Eureka! Top Endocrine Discoveries of 2016


For the second year in a row, Endocrine News talks to editors from Endocrine Society journals to get the scoop on the top endocrine discoveries of 2016.

The life work of a scientist requires an enormous amount of patience. “Eureka moments” take years of tireless experimentation and iteration to achieve, which is why impactful discoveries deserve celebration. Over the past year, many important papers have been published in the field of endocrinology — from confirming the essential role of ESR1 in male reproductive health to uncovering the therapeutic potential of corticosterone for congenital adrenal hyperplasia.
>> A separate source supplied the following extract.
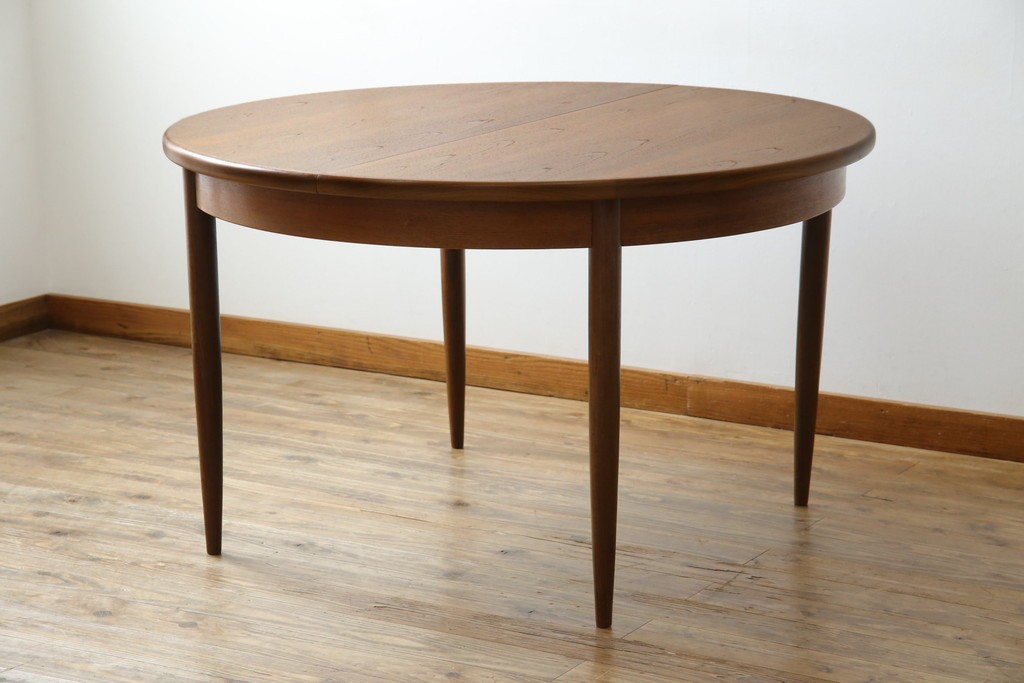 イギリスヴィンテージ　G-PLAN(ジープラン)　Fresco(フレスコ)　洗練された佇まいが魅力のエクステンションテーブル　(R-085247)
This article is a sampling of the research achievements of our community in 2016, as picked by five editors from the journals Endocrinology and The Journal of Clinical Endocrinology & Metabolism (JCEM). While not intended as a comprehensive overview of all major studies, it instead aims to encourage reflection on this year’s successes and recognize a few important publications across a handful of endocrine specialties.

Testosterone Under the Microscope

In last year’s “Top Endocrinology Discoveries of 2015” article in Endocrine News, two reproductive specialists underscored the revelation that testosterone therapy, which is widely prescribed in aging men, lacks solid evidence of beneficial effects. They described the need for more concrete literature on the subject.
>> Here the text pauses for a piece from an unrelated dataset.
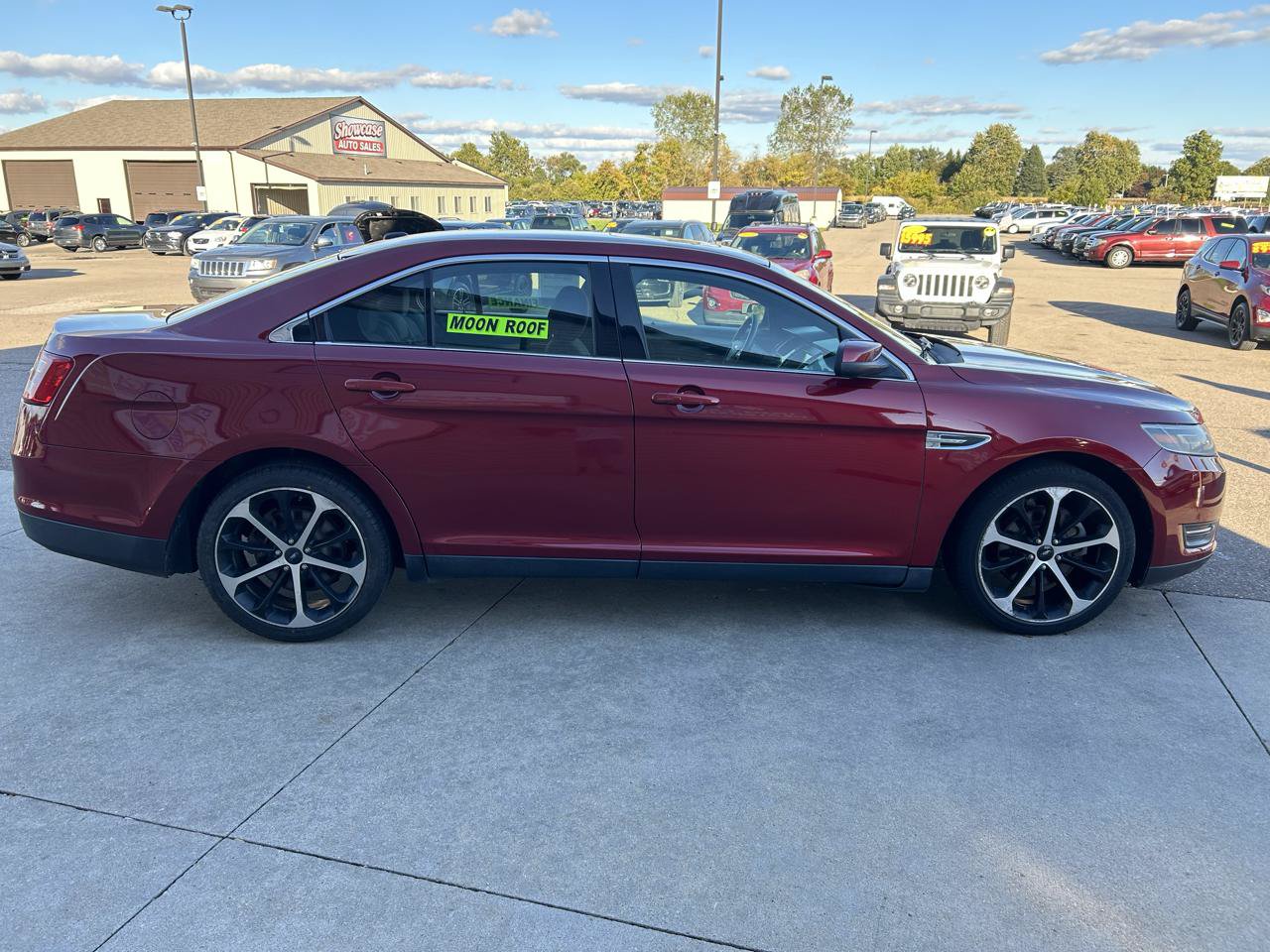 Used 2015 Ford Taurus SEL w/ Equipment Group 201A FWD image 4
Fortunately, the call for more research is leading to important publications in this area. Alvin M. Matsumoto, MD, professor at the University of Washington and an associate editor of JCEM, points to the initial publication of The Testosterone Trials in the New England Journal of Medicine as a critical step forward.

“In the area of male reproductive endocrinology, I think that this is the most impactful report in the last year,” Matsumoto says.

The publication, “Effects of Testosterone Treatment in Older Men” by Snyder, PJ, et al, followed 790 men over the age of 65 with unequivocally low serum testosterone levels for one year as they participated in at least one of three trials: The Sexual Function Trial, the Physical Function Trial, and the Vitality Trial. Half of the participants received testosterone gel, and half received a placebo.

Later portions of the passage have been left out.